Either way, the legal defense the administration has mounted has drawn sharp criticism from supporters of "don't ask, don't tell," some of whom have suggested the administration has been complicit in the situation that led to Phillips' injunction ending the ban on openly gay troops.
"The fact that DOJ has filed a formal notice of appeal shouldn't distract from the deeper scandal that the political appointees at DOJ have been only pretending to mount a vigorous defense of DADT while in fact operating to undermine it," wrote Ed Whelan, president of the conservative Ethics and Public Policy Center, in an online essay published on the Witherspoon Institute's Public Discourse.
"This is the president's agenda," said Elaine Donnelly, president of the Center for Military Readiness, which supports "don't ask don't tell." "I have no explanation for why they haven't more forcefully appealed. It's political. The president is determined to deliver on his campaign promise."

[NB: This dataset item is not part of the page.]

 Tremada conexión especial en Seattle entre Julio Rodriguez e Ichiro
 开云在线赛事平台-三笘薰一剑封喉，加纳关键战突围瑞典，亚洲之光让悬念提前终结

Even Judge Phillips noted that the government "had an opportunity to, but did not, present any of the evidence or arguments" during trial over why ending the policy would be harmful to military readiness. "They provided no evidence regarding the alleged disruption," wrote Phillips of the DOJ, in rejecting their request to stay an injunction.
It's now up to the 9th Circuit Court of Appeals to decide whether to grant the administration's request for a stay of the injunction and take up an appeal of the judgment against the law.
White House press secretary Robert Gibbs said Monday that the president would press lawmakers to approve a repeal during the lame-duck session after the November elections.